_PROBLEM DESCRIPTION_.
Return the lines below exactly, please, from the one containing "Renault Scenic II" through the last one, both included, and leave out any pictures.

_Records excerpted from a collection_.
Content starts

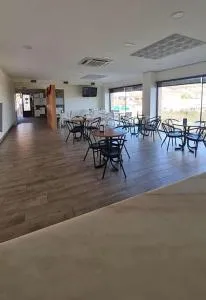 Hospedería municipal la cultural - 弗雷舒德埃什帕达阿辛塔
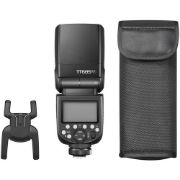 Picture of Godox TT685F II Flash for FUJIFILM Cameras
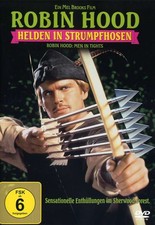 Robin Hood - Helden in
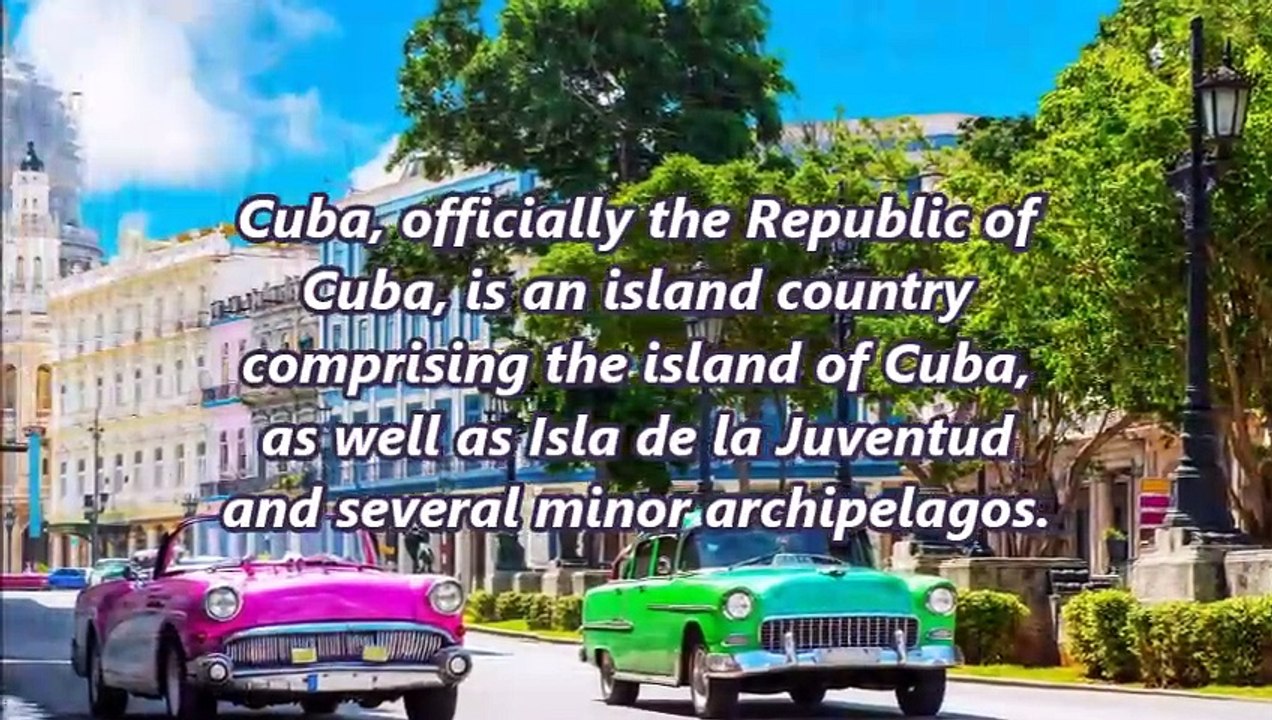 Cuba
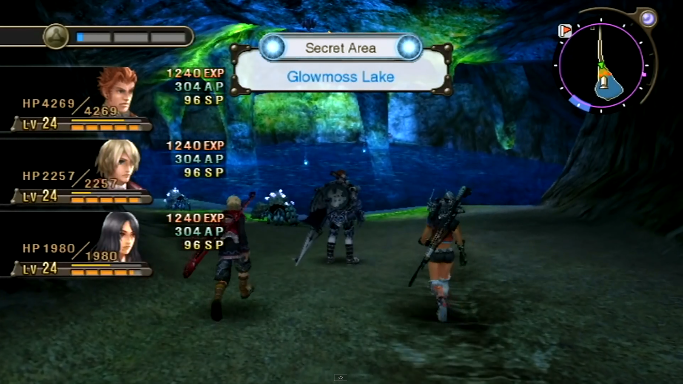 Xenoblade Chronicles 3 - All Secret Area Locations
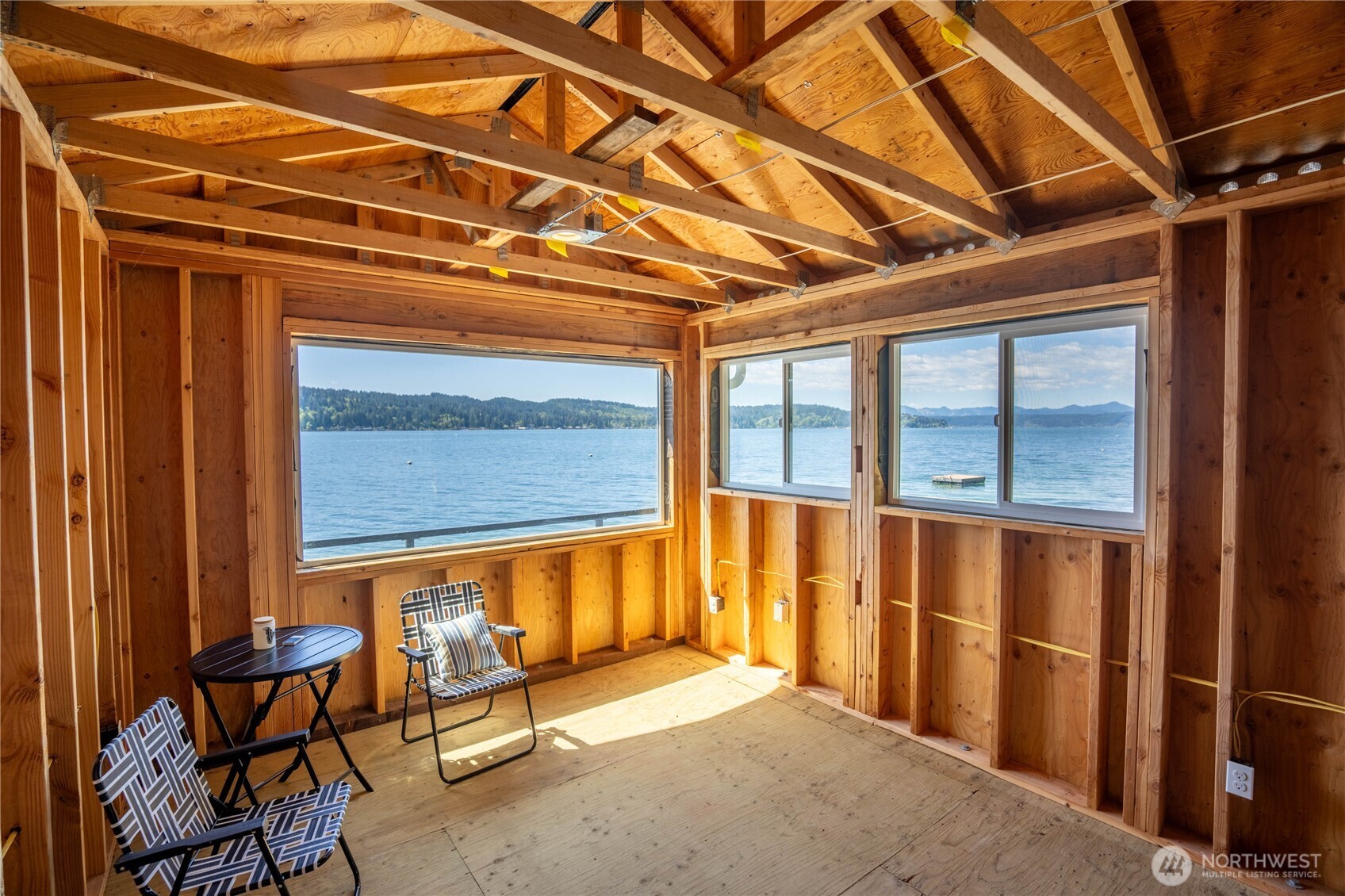 13300 NE North Shore Road , Belfair, WA 98528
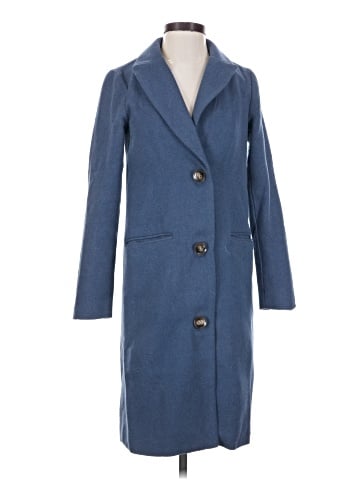 Just Fab Coat (view 1)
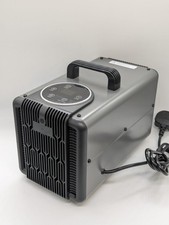 NiwNiw UltraMAX ozone generator negative ion 2-in-1 air purifier timer SMJ-225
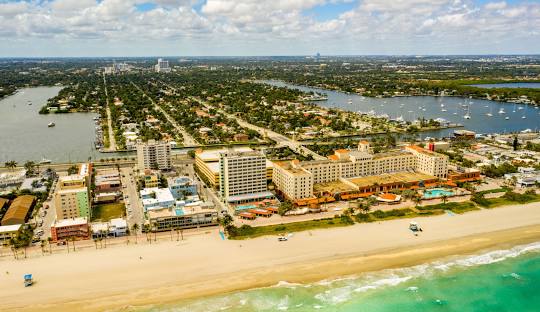 HVAC Contractor - Broward County, FL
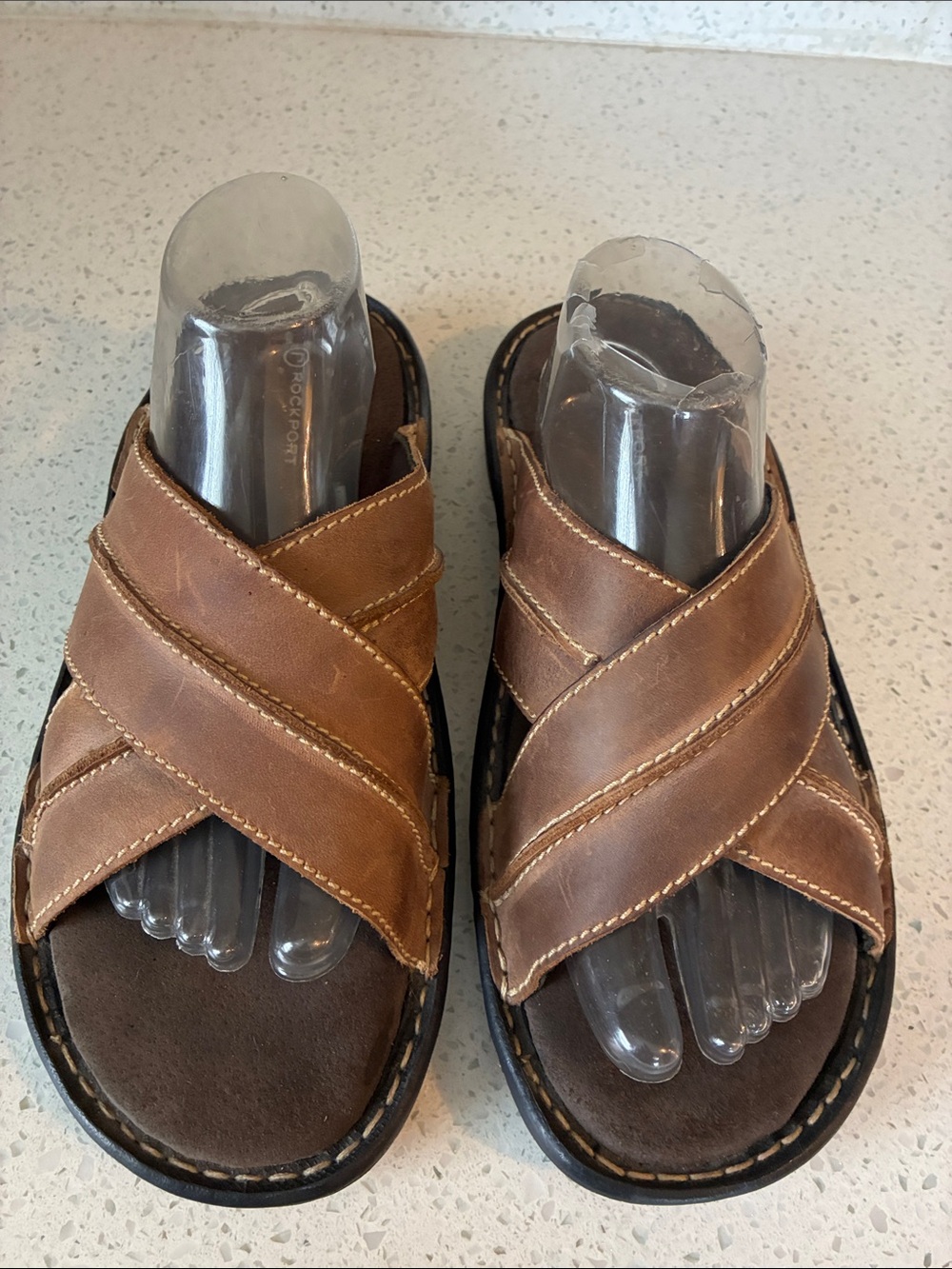ROCKPORT SANDALIAS
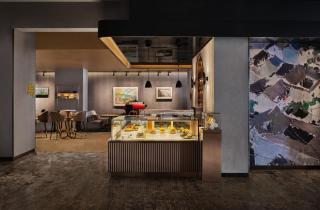 The Park Lane Hong Kong, Autograph Collection - Hong Kong - 2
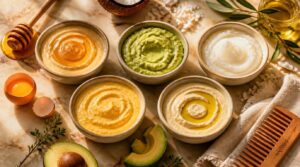 best diy hair mask recipes for split ends best diy hair mask recipes for split ends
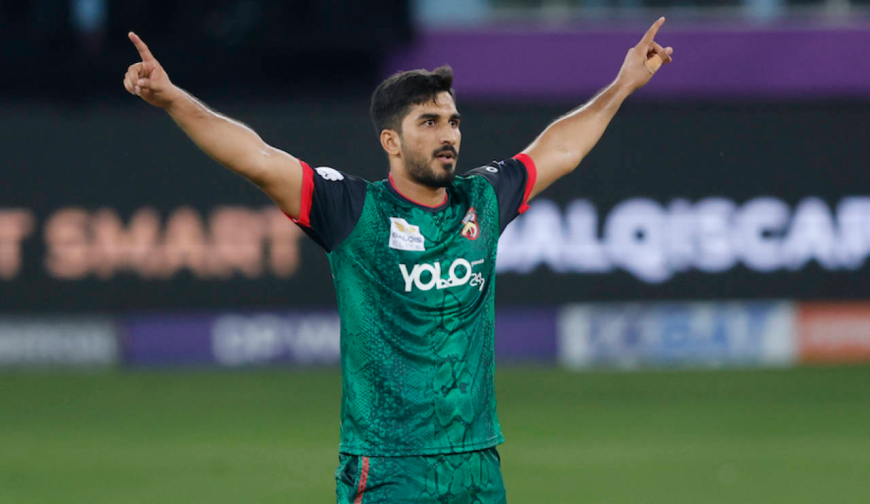 নাগরিকত্ব পেলেন ৫ ক্রিকেটার: সংযুক্ত আরব আমিরাত ক্রিকেটে নতুন দিগন্ত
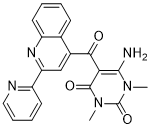 TM6008 Structure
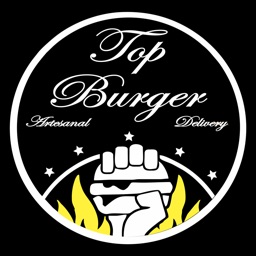 Top Burger Artesanal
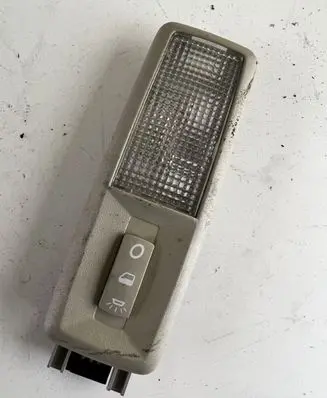 Renault Scenic II - Grand scenic II Rear seat light 8200023775 8200360559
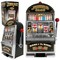 Toy Time Jumbo Slot Machine Bank - Replication 357271IIS - alternate 3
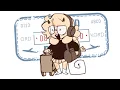 Download Lagu I moved to Europe || Storytime animation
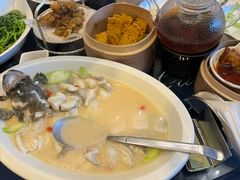 -美心·翠园(港汇恒隆广场店)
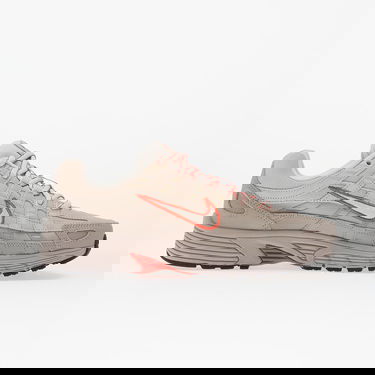 Sneakers och skor Nike P-6000 PRM Vit | IF0668-002, 3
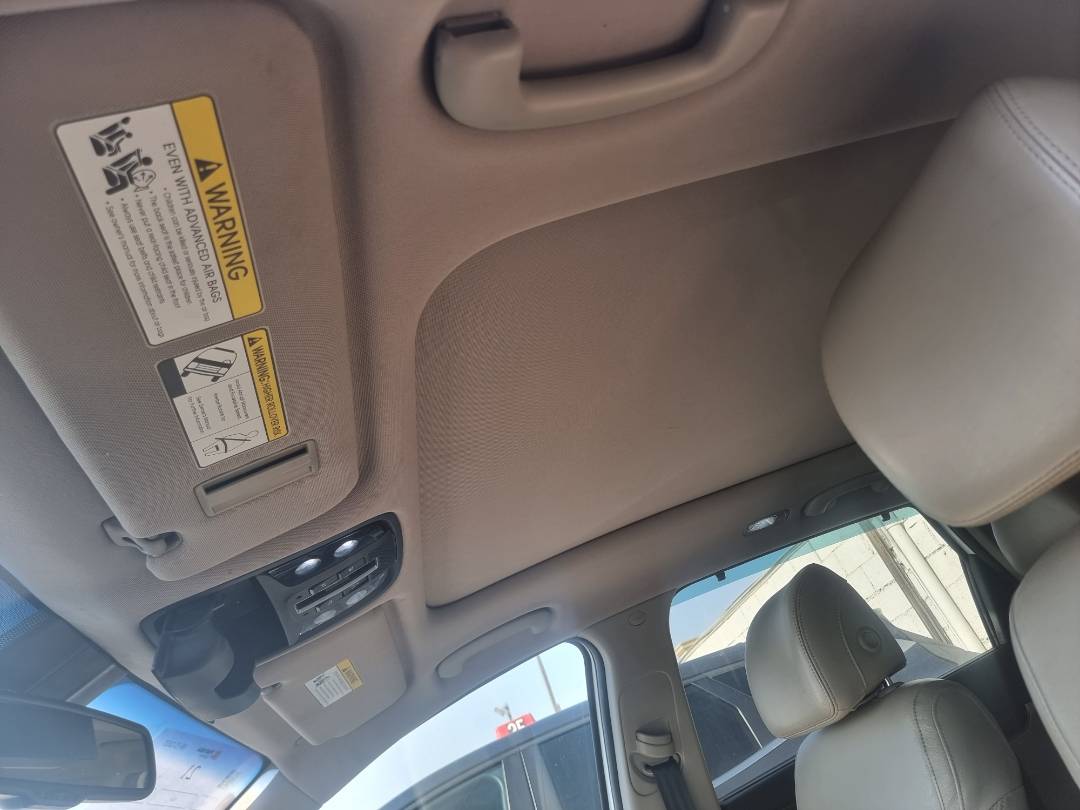 KIA SORENTO 2017 - Marhaba Auction Used Cars - Image 7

Content ends

_THE COMPLETED TASK_.
 Renault Scenic II - Grand scenic II Rear seat light 8200023775 8200360559
 Toy Time Jumbo Slot Machine Bank - Replication 357271IIS - alternate 3
 Download Lagu I moved to Europe || Storytime animation
 -美心·翠园(港汇恒隆广场店)
 Sneakers och skor Nike P-6000 PRM Vit | IF0668-002, 3
 KIA SORENTO 2017 - Marhaba Auction Used Cars - Image 7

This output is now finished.